For an immersion in art, performance, some serious partying and an eye-popping subculture that will explode your notion of fashion, check out the Naughty-or-Nice Holiday Bash from 7 to 11 p.m. Saturday at The Andy Warhol Museum. The night’s hostess is Sharon Needles, whose mix of sauce, flash and creative costuming won the Pittsburgh resident this year’s “RuPaul’s Drag Race” crown.
When she spoke in Pittsburgh City Council chambers on June 13, Sharon Needles Day in Pittsburgh, Ms. Needles, aka Aaron Coady, said: “Beneath the 30 pounds of makeup and corsets and gowns are real beating hearts of real people and they usually come from a place of pain. A win for Sharon Needles is a win for every single kid in this city who’s still being bullied.”
That mix of overt stage persona and reserved interiority is part of what fascinates in the subjects of New York artist Jeremy Kost’s photographic works, and the opening of his Warhol exhibition “Friends With Benefits” will also be celebrated Saturday. The artist will be present.
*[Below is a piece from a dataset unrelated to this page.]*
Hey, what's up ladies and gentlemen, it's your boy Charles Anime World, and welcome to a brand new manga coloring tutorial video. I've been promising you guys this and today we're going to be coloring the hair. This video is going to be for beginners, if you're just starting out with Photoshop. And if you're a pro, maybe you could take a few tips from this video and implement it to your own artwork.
Mr. Kost’s imagery includes Pittsburgh drag queens, Ms. Needles among them, and Warhol’s grave, but you may have to study the pieces a moment to find specifics. His use of the Polaroid camera has inspired comparisons to Warhol, but the outcome is vastly different. Where Warhol employed celebrity as sheen, Mr. Kost deconstructs the flash of his subjects, hinting at the sheltered interior Ms. Needles referenced.
The works are, thus, a morph of realities, the presumed instantaneous product denied by the artist’s studied technique.
Intimate multi-exposure Polariods, only 3.6 by 2.9 inches, are moody, only partially revealing. In “Untitled (Alaska at Allegheny Cemetery)” the human is spectral next to the weathered stone sculpture. Warhol’s tomb hovers behind a foreground of abstracted flowers and “Untitled (Heidi at Andy’s Grave).”
In contrast, the large collages of multiple Polaroids almost shout, their staccato rhythm formed by overlapping surfaces and broken images.
Created specifically for this Pittsburgh exhibition, “Friends With Benefits (Communing With Andy)” comprises hundreds of Polaroid photographs of various local drag queens at Warhol and Warhola family graves. Mr. Kost spent two days shooting in Pittsburgh and a much longer period composing the work at his New York studio. It measures approximately 60 by 55 inches.
The exhibition follows on the heels of a collaboration between The Warhol and Hugo Boss on a solo New York exhibition of Mr. Kost’s works.
The artworks, coupled with the weekend’s events (see below), offer opportunity to see the world through a different pair of eyeglasses. It’s what the humanities do best, substituting experiential discoveries for speculative fears, finding strange commonality in difference.
Bash tickets are $99 and include hors d’oeuvres and two drink tickets. “Friends” continues through Jan. 27. Admission is $20; seniors, students and children, $10; 5-10 p.m. Friday, half-price; members free. Information: 412-237-8300 or www.warhol.org.